Le gouvernement avait, dans l'espoir de calmer la colère sociale
déclenchée en janvier dernier sur fond de hausse des prix, décidé, pour rappel,
de plafonner le prix à 90 DA/kg pour le sucre et à 600 DA le bidon d'huile de 5 litres. Une décision
officialisée par décret qui prévoit même un processus de compensation sous
certaines conditions au profit des importateurs, des producteurs et des
distributeurs. Durant ce mois de juillet, le kilo de sucre sur le marché du
détail a dépassé la barre des 90 dinars le kilo. Il est cédé à 95 et 100 dinars
chez certains détaillants. Cette hausse est également soulignée auprès des
commerces de gros. « Le sac de 50 kilos, qu'on payait aux environs de 3500
dinars auprès des distributeurs, nous est cédé actuellement à 3870 dinars (77,4
DA/kg), soit 300 dinars de hausse. Une hausse que même la flambée enregistrée
sur le marché international du sucre (la tonne de sucre est passée de près de 800
dollars à la mi-juin à plus de 1000 dollars actuellement) ne peut justifier, vu
que les prix sont censés être réglementés et plafonnés grâce à un dispositif de
compensation mis en place par l'Etat pour protéger le pouvoir d'achat qui
rembourse aux producteurs, industriels et distributeurs la différence entre le
prix réel du produit et le prix plafonné. Selon des importateurs et des
industriels sur la place d'Oran, on reste catégorique : « On n'a pas opéré
d'augmentation de prix sur le marché local en dépit de la flambée que connaît
le marché international. On soutient que le kilo de sucre est cédé par les
importateurs à 76 dinars, alors que le prix du sucre produit localement est de 74
dinars ». Le même phénomène de hausse, même s'il est d'une moindre ampleur, est
constaté pour l'huile qui a gagné, ces dernières semaines, 2 dinars
supplémentaires chez les grossistes. Pourtant, un comité, chapeauté par le
ministre du Commerce ou son représentant et composé de représentants des
ministères du Commerce, des Finances et des Transports, est chargé d'examiner
les demandes de compensation et d'en évaluer les montants. Logiquement donc, s'il
n'y pas respect des prix plafonnés, il n'y aura pas compensation. Importateurs,
producteurs et distributeurs doivent ainsi, pour bénéficier de la compensation,
présenter une demande accompagnée «des factures d'achat de l'huile brute de
soja et/ou du sucre roux concernés par l'augmentation de ces mêmes matières
dont les produits finis issus n'ont pas dépassé les prix plafonnés ainsi que
les structures des prix établis par la réglementation». Le dispositif paraît
donc inviolable… Du moins en théorie. Autre augmentation qui inquiète le marché,
celle du café, dont le kilogramme a gagné sur le marché du gros pas moins de 20
dinars en l'espace de deux semaines. Une augmentation appelée à prendre encore
de l'importance selon les grossistes, vu que le produit dépend des prix du
marché international et qu'il ne bénéficie d'aucun dispositif de plafonnement
des prix. C'est aussi le cas d'autres produits comme le cacao ou la noix de
coco frappés également de plein fouet par la hausse des prix à l'international.

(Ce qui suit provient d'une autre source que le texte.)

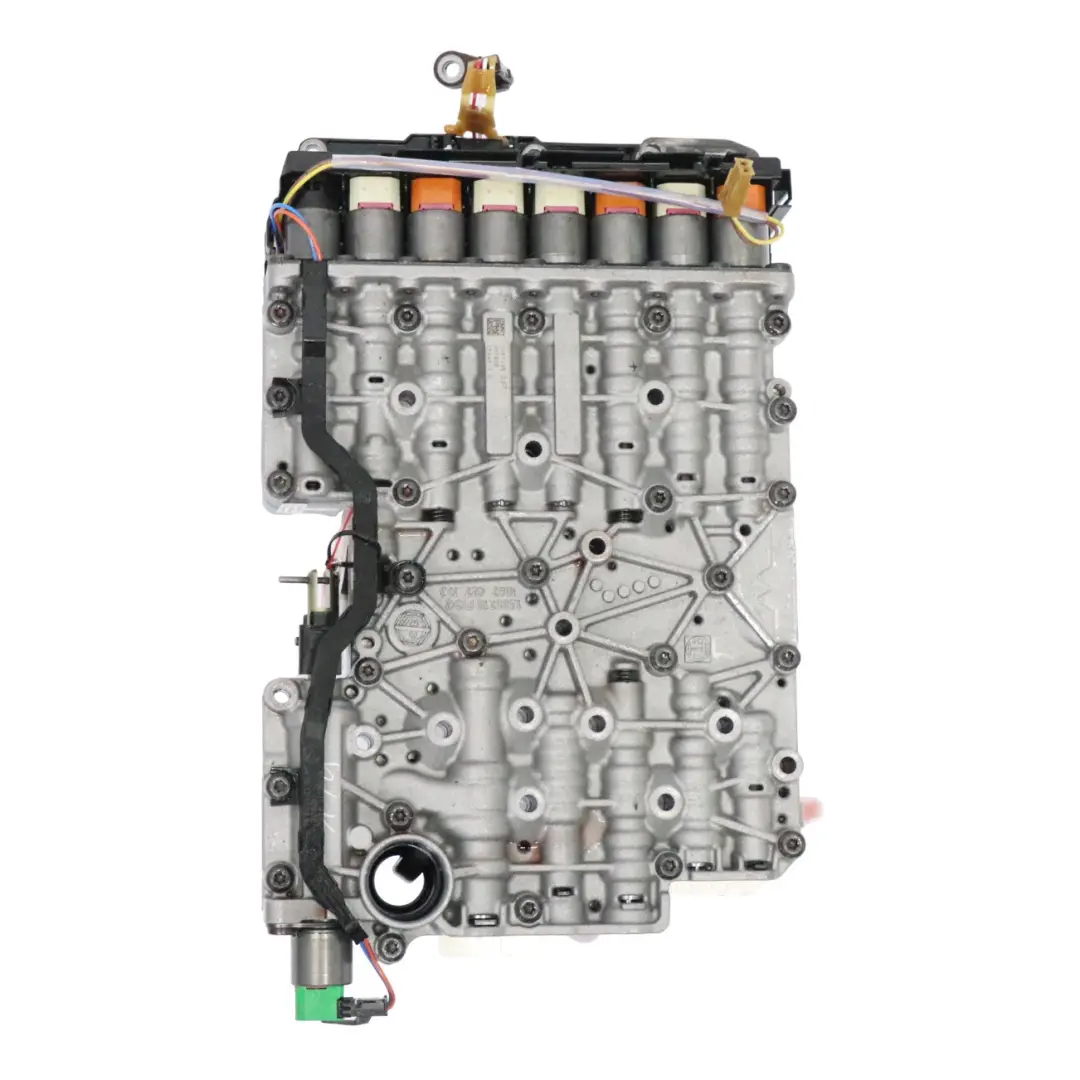 Cambio automatico Unità controllo meccatronica GA8HP45Z per BMW F20 F22 F12 con numero di parte 7647849 BMW F20 F22 F12 Cambio automatico Unità controllo meccatronica GA8HP45Z - SKU 7647849 - Numero di parte 7647849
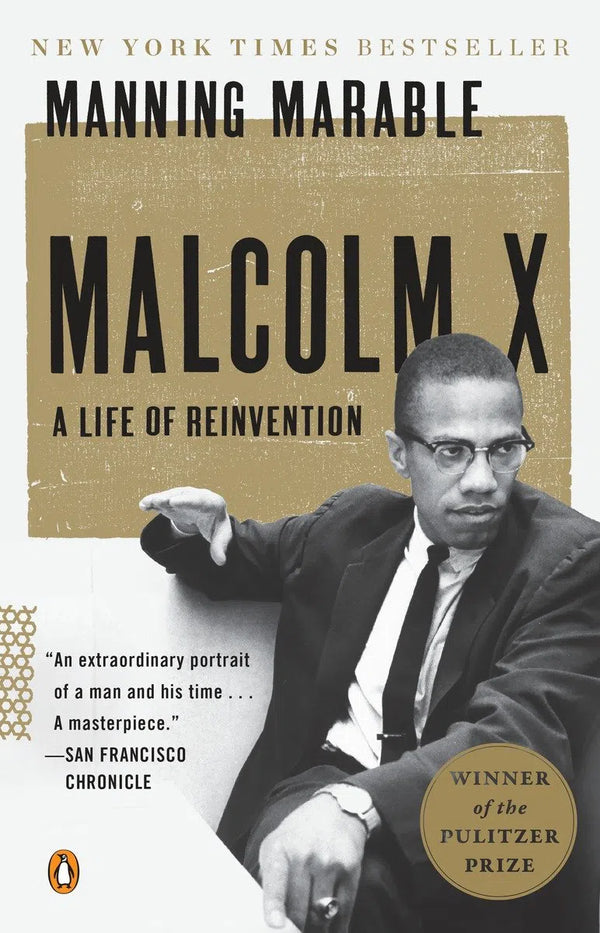 Malcolm X-Biography and memoirs-買書書 BuyBookBook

A une semaine à peine du mois de ramadhan, le marché local enregistre par
ailleurs l'augmentation des prix de la farine, même si elle reste minime (1dinar/kilogramme)

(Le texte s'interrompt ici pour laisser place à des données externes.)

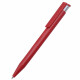 Ручка пластиковая Seta, красная Ручка пластиковая Seta, красная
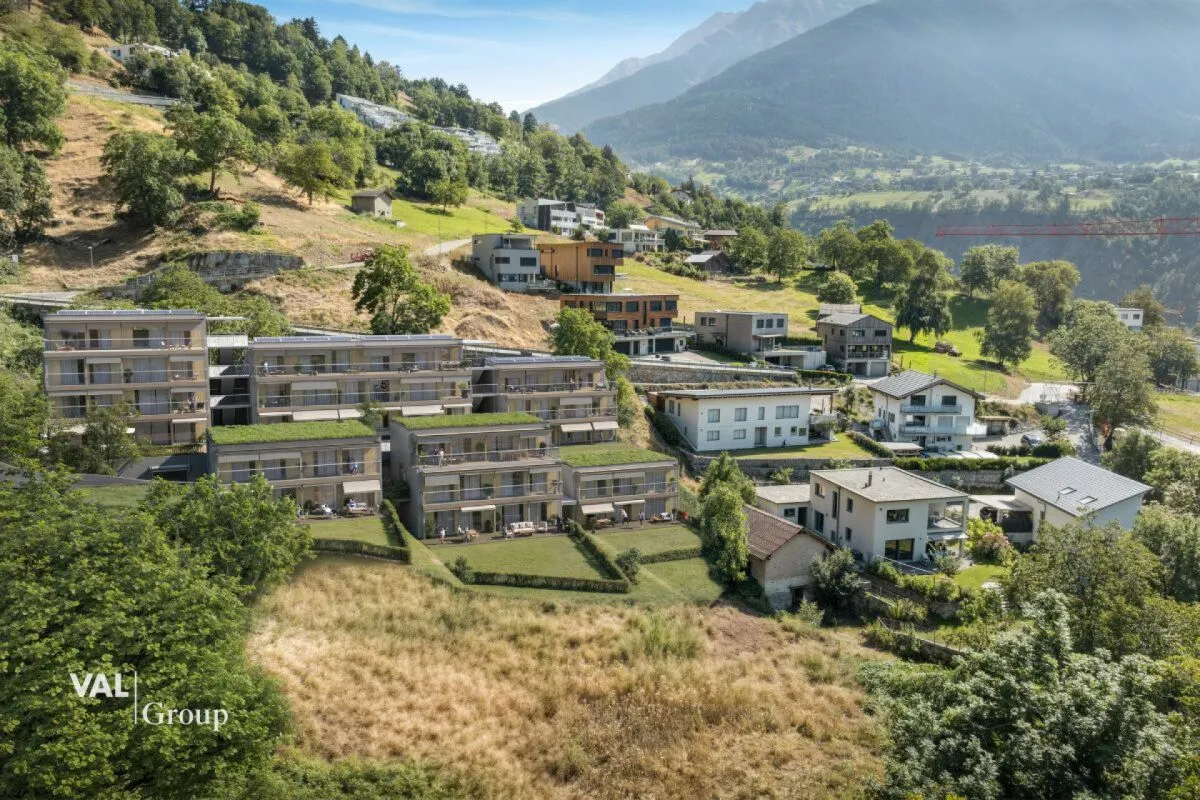 Mund In vendita Appartamento Svizzera - 
cChic-immoHub Il vostro portale immobiliare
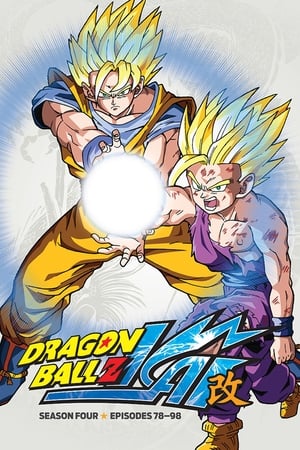 Dragon Ball Z Kai: Season 4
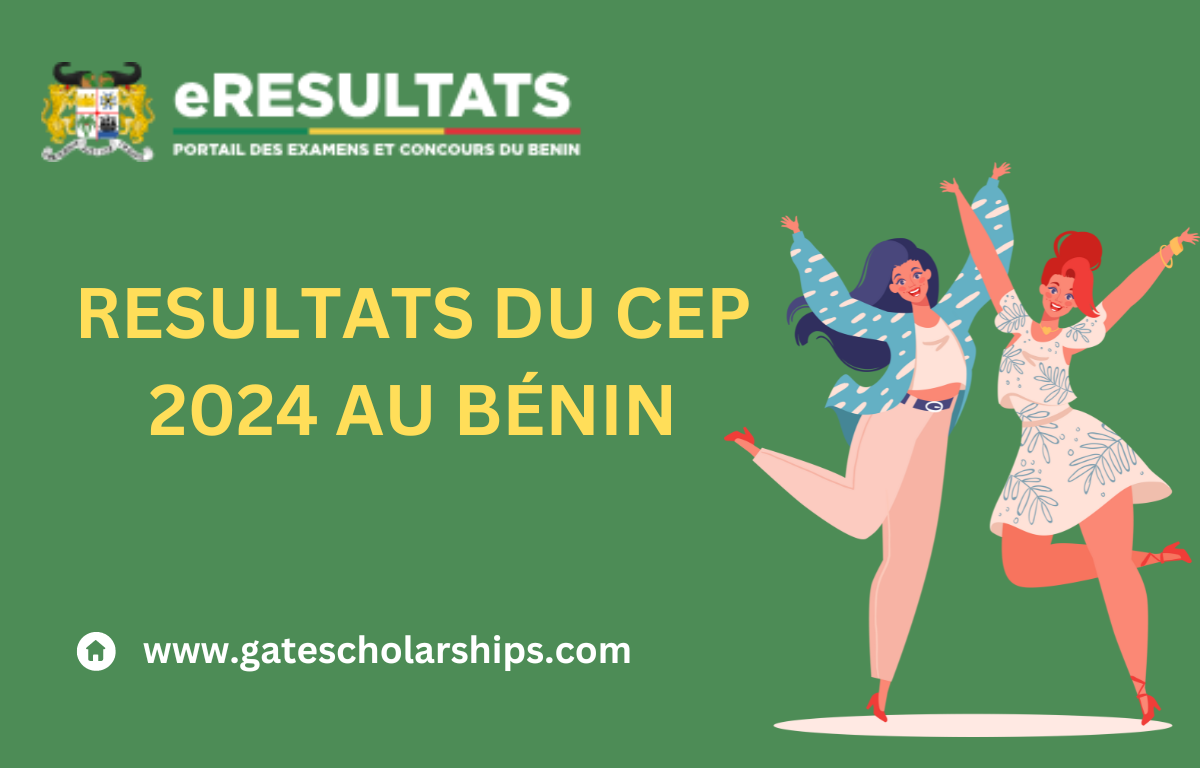 RESULTATS DU CEP 2024 AU BÉNIN: Liste des admis bientôt disponible sur eresultats.bj RESULTATS DU CEP 2024 AU BÉNIN: Liste des admis bientôt disponible sur eresultats.bj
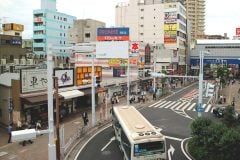 かつては「日本の上海」――9路線が交差する千葉北西部の都市が、賃貸「2年連続1位」となったワケ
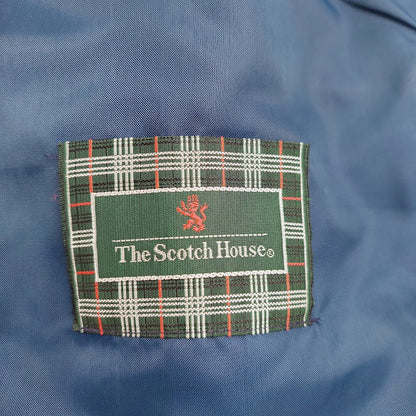 The Scotch House Rannoch Designs villa-mohair jakku koko 42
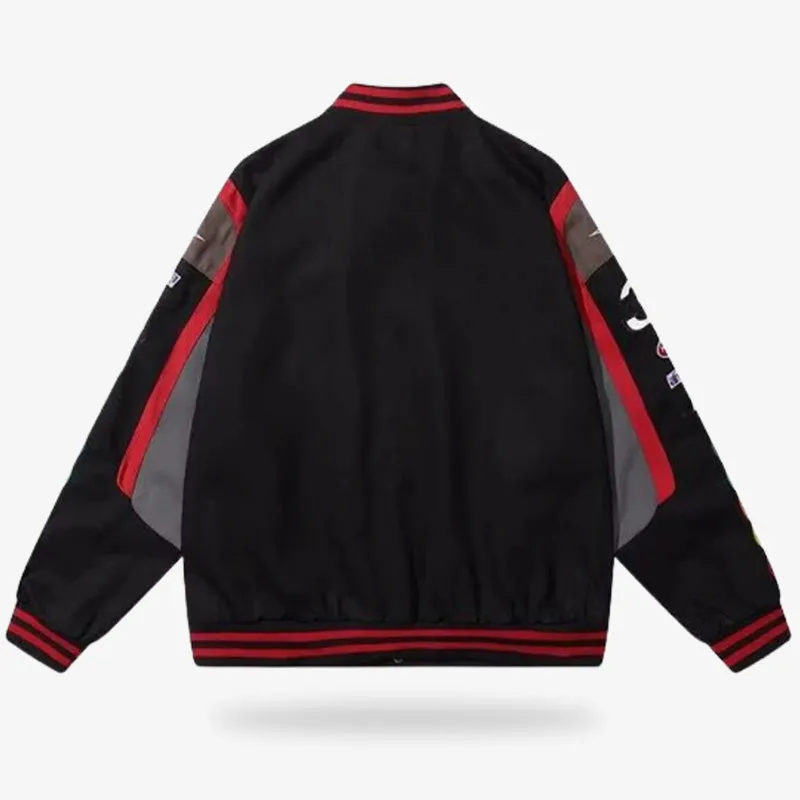 Bomber Jacket Japanese Style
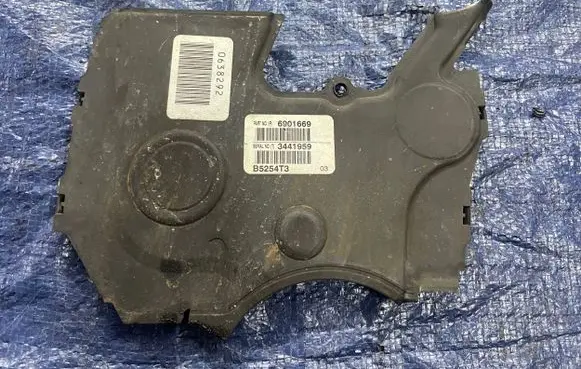 Volvo S40 Timing belt guard (cover) 30650894 16301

chez les grossistes. Pour la semoule, on constate un déficit en matière d'offre,
ce qui pourrait favoriser à terme une augmentation des prix dès les prochains
jours. Les produits de conserve font également, selon nos sources, un bond en
matière de prix, ces derniers jours. Les craintes planent particulièrement sur
la tomate concentrée qui n'a pas connu de hausse pour le moment, même si tous
les indices penchent vers une augmentation dès les prochaines semaines.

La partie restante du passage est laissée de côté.